Kanako Miura, 36, died on May 19 around 3:30 p.m. after being struck by a truck while biking through Kenmore Square. Miura was a visiting scientist in Professor Russ Tedrake’s Robot Locomotion Group in CSAIL.

MIT President L. Rafael Reif broke the news to the MIT community that same evening in an email to all of campus. “Our hearts go out to her friends and colleagues at MIT, and especially to the Miura family, who must absorb this terrible news from so far away,” wrote Reif.

The Boston Globe reported that the driver probably did not see Miura. They also reported that Miura, who was wearing a helmet, suffered from critical injuries after being thrown from her bike and passed away at the scene.

David Watson, executive director of the Massachusetts Bicycle Coalition, expressed the importance of awareness and safety in an interview with the Globe.

“Everybody at this point should know we need to share the roads,” he said. “Every­body bears responsibility for the safety of the people around them.”
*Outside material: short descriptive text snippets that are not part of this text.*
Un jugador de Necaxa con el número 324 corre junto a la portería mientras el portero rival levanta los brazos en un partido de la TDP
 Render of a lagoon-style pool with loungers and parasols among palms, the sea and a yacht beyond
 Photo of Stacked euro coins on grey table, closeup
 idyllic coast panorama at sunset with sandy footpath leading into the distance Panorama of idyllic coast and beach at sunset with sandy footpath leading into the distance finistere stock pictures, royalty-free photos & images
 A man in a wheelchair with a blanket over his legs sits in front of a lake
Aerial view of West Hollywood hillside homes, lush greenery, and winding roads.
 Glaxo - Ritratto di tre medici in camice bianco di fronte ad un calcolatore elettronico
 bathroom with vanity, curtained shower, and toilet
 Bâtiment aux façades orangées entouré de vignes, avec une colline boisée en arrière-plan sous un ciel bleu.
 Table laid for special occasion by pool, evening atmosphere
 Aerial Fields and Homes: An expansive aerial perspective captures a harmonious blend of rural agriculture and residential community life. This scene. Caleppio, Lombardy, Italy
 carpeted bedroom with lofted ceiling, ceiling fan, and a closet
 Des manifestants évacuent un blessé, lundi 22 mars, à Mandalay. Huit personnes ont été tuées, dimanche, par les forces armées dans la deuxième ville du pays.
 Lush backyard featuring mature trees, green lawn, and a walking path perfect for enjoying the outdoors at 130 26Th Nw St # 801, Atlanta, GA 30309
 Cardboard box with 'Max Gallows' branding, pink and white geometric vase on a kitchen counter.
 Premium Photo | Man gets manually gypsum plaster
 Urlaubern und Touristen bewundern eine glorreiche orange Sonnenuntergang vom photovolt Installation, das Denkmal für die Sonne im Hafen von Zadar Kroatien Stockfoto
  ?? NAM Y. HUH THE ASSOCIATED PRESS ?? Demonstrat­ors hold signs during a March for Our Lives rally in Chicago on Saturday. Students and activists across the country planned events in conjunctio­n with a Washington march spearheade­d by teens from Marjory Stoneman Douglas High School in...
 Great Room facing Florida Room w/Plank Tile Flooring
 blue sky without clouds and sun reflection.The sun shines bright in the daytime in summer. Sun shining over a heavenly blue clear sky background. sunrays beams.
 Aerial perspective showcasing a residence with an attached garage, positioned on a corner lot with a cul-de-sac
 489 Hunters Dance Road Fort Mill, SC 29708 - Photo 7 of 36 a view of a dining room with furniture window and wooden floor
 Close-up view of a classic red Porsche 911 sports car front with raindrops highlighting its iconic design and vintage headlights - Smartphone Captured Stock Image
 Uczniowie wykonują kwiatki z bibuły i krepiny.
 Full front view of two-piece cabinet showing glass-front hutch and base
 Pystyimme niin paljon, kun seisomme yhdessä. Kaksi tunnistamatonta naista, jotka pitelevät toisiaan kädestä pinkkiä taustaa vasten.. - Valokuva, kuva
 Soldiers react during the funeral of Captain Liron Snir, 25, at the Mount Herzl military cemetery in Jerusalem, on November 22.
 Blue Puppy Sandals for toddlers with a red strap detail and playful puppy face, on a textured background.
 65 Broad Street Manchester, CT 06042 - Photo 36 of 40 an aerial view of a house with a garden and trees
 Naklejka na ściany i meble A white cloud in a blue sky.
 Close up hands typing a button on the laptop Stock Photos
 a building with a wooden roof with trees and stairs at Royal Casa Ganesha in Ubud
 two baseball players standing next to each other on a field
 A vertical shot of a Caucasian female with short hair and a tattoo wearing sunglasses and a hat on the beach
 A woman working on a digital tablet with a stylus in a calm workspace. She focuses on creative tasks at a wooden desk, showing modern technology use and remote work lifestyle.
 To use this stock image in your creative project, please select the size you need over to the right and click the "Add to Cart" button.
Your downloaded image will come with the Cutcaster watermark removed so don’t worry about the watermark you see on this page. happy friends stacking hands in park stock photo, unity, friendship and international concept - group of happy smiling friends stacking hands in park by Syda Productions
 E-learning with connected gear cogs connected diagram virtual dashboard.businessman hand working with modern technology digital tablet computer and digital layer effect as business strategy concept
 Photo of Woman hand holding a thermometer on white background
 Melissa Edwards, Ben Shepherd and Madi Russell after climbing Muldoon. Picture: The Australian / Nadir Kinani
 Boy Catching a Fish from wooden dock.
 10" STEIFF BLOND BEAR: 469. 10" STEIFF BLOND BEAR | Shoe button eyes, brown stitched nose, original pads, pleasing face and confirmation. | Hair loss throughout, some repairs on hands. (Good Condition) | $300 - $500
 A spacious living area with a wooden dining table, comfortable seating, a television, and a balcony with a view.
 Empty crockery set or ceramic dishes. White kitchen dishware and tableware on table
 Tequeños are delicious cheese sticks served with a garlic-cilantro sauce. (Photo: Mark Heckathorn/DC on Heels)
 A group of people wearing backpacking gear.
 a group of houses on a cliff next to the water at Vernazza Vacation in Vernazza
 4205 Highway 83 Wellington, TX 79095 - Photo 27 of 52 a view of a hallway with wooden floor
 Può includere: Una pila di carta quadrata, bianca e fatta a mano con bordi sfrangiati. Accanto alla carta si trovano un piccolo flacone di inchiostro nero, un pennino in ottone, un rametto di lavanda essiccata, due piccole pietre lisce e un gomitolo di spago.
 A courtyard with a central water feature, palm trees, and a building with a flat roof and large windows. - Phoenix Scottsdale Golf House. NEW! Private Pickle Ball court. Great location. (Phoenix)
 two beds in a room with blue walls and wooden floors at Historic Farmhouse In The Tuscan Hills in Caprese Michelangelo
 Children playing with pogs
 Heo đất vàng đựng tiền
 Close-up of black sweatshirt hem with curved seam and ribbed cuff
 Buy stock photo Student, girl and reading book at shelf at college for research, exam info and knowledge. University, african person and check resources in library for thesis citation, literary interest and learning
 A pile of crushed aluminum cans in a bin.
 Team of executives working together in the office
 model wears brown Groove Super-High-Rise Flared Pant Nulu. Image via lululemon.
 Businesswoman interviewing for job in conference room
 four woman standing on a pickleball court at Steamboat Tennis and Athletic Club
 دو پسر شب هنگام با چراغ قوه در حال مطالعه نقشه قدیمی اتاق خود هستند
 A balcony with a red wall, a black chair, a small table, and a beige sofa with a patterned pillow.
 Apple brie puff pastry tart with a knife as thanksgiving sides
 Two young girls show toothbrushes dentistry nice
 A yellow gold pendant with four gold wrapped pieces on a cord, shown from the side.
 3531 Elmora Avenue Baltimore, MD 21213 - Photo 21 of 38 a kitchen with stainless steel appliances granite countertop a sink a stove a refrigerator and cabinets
Miura had been at MIT since October, conducting research in the Robot Locomotion Group and specializing in bipedal locomotion. She had two PhDs, one in Information Science from Tohoku University in Japan and another in Electronics and Automation from Université Louis-Pasteur France. As a senior researcher at Japan’s National Institute of Advanced Industrial Science and Technology, she worked on the HR-4C Future Dream robot, which had advanced locomotion capabilities such as being able to turn quickly and more accurately mimic human walking than other robots, according to an article in Akihabara News.

“She was not just a visitor in our group. She became a close friend and a member of our family,” said Tedrake in an article on her passing in CSAIL’s news website. “The energy she brought to her work was contagious, and her enthusiasm was easy to see. She loved giving tours and showing off the lab, and she had an unfailing optimism in the future and importance of humanoid robots.”